= WHAT NEEDS TO BE DONE =
For this exercise, repeat exactly the lines below starting at the line holding "I would encourage" and ending at the line holding "But that is", both included, with no extra lines and no pictures.

Start of AVAILABLE DATA

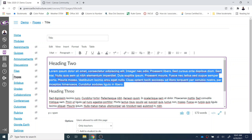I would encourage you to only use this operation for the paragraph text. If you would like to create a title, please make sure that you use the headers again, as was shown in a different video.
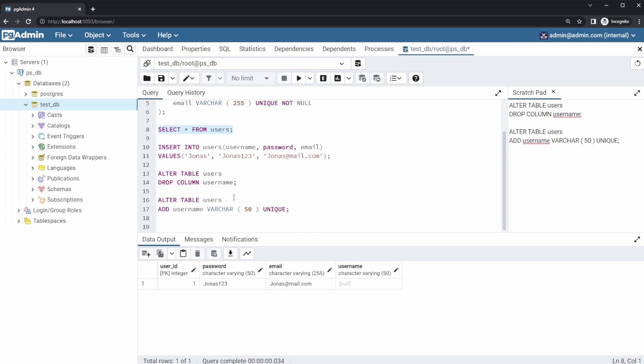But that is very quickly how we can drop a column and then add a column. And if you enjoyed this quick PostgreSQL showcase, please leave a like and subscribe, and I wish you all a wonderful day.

End of AVAILABLE DATA
Start of AVAILABLE DATA

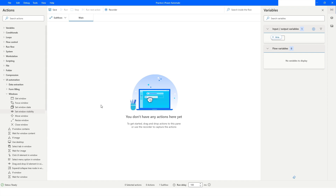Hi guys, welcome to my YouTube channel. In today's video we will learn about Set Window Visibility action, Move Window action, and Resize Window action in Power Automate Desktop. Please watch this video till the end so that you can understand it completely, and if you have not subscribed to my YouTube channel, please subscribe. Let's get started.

End of AVAILABLE DATA
Start of AVAILABLE DATA

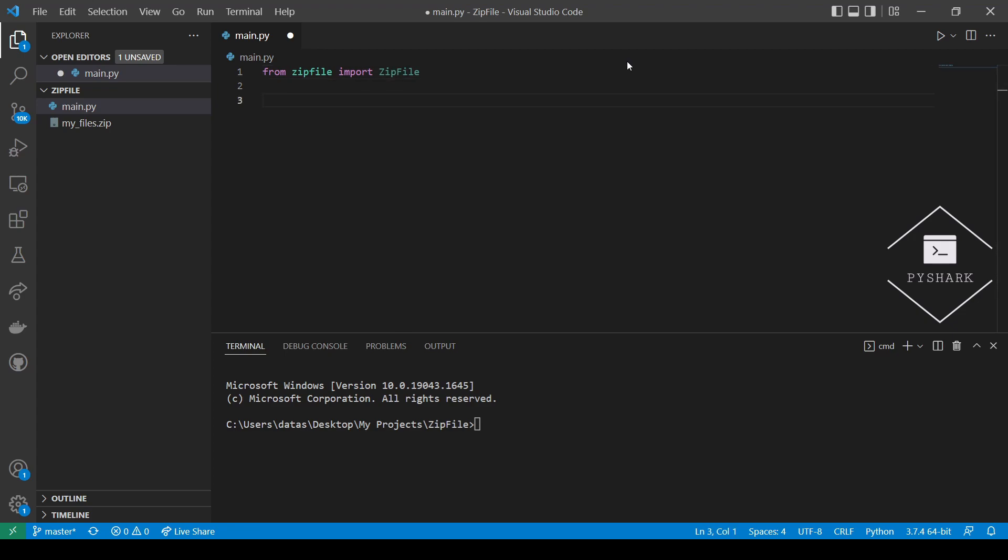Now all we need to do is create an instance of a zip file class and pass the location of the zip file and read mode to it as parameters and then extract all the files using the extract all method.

End of AVAILABLE DATA

= TASK RESPONSE =
I would encourage you to only use this operation for the paragraph text. If you would like to create a title, please make sure that you use the headers again, as was shown in a different video.
But that is very quickly how we can drop a column and then add a column. And if you enjoyed this quick PostgreSQL showcase, please leave a like and subscribe, and I wish you all a wonderful day.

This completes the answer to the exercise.